You are effectively lending money, to be repaid by yield from a specific token. The compensation for this lending is based on the daily discount rate: payments are worth slightly less based on the number of days since the original transaction. Repayment is not tied to a specific borrower, but rather the combined yield output of the entire pool.
Let's walk through an example. Suppose there is a market on Delorean with a combined 500,000 GLP tokens. Associated with these tokens is 5 ETH net present value of future yield that has been sold by a number of different borrowers.
The 5 net present value of ETH represents the total amount available to buy. It can be purchased entirely by one person, or purchased in pieces by different people.
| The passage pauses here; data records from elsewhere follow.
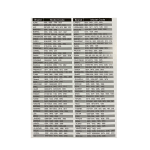 Control Remoto Universal MINI Split 4000 Codigos - Image 3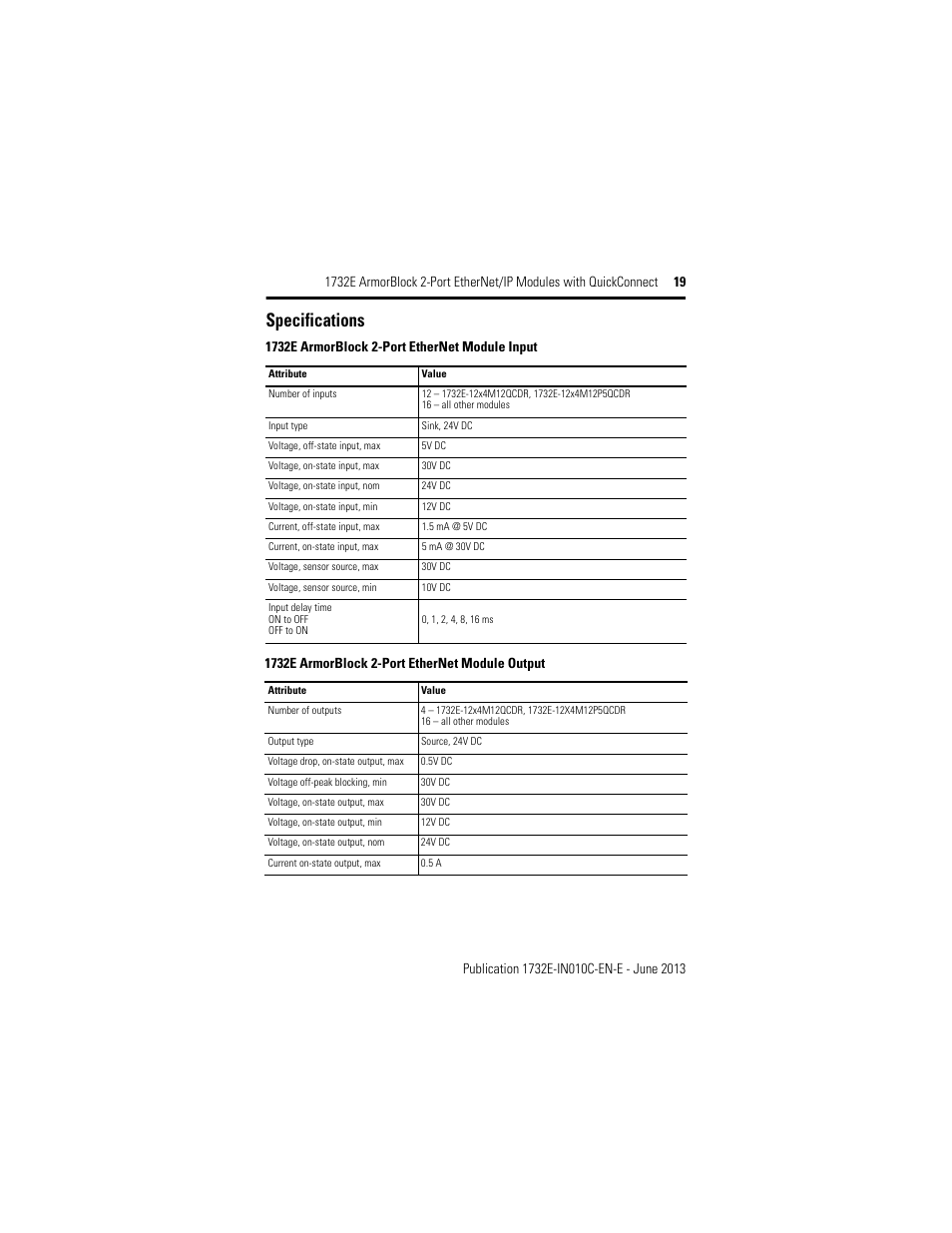 Specifications | Rockwell Automation 1732E-XXXX ArmorBlock 2-Port EtherNet/IP Modules with QuickConnect User Manual | Page 19 / 24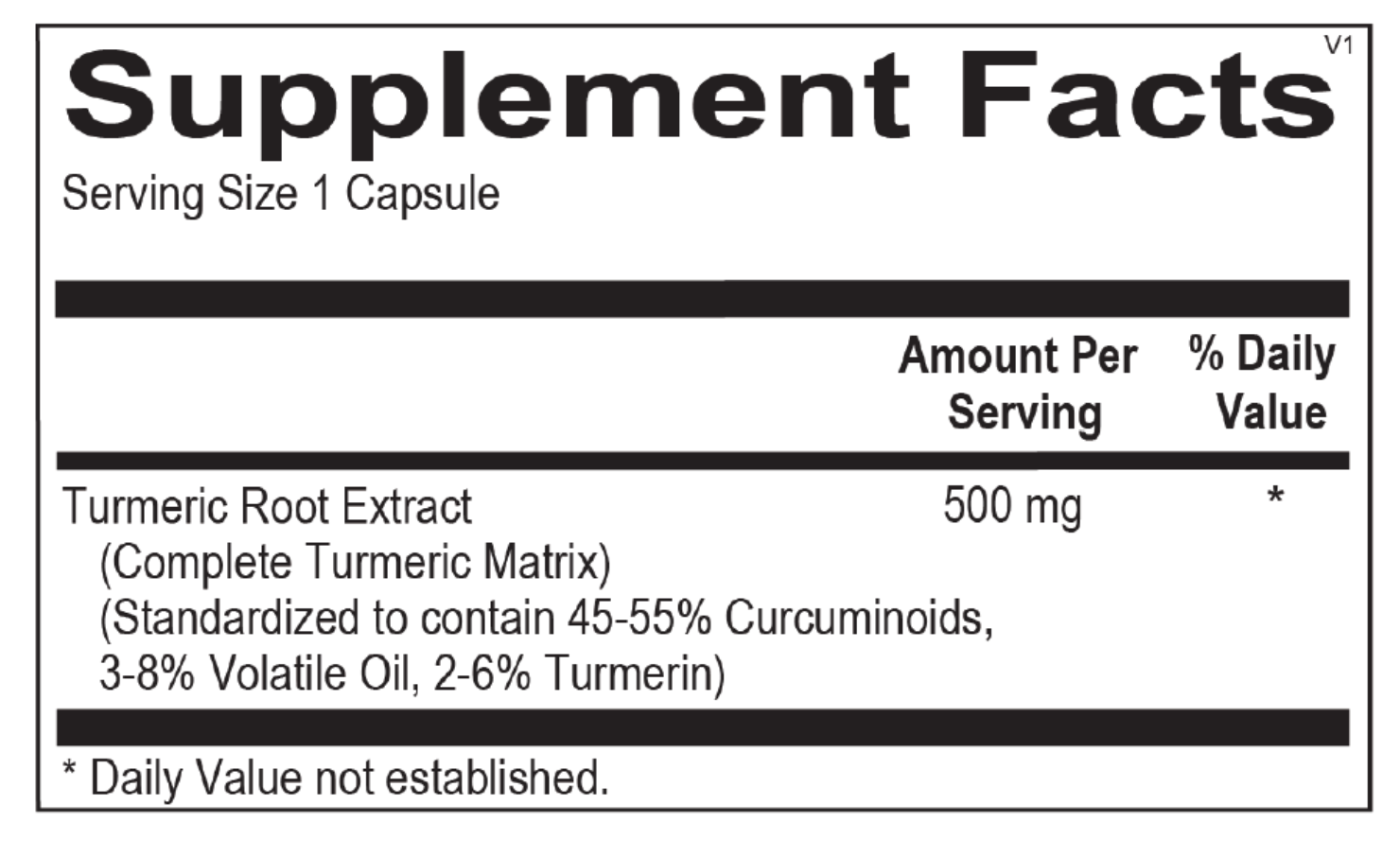 Turiva Ingredients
Let's say we purchase all 5 net present value ETH from the pool. This purchase entitles us to that present value of ETH, relative to the time of the transaction, but it doesn't make any guarantees about the timing of that payment.
Lets assume a daily discount rate of 0.1%, and an average yield rate of 0.4 ETH / day. The payments from escrowed tokens will look like this:
The bars in green represent yield payments that repay the 5 net present value of ETH. The gray bars are yield that is not owed the Delorean pool.
But what if the rate of yield is lower? Let's say it drops to just 0.25 ETH/day. The chart below shows the new scenario:
There are more green bars now. This represents the longer time it takes for us to collect our owed 5 net present value of ETH. However, the face value that we collect is also slightly higher, to compensate for the longer loan term, and the resulting APY is the same.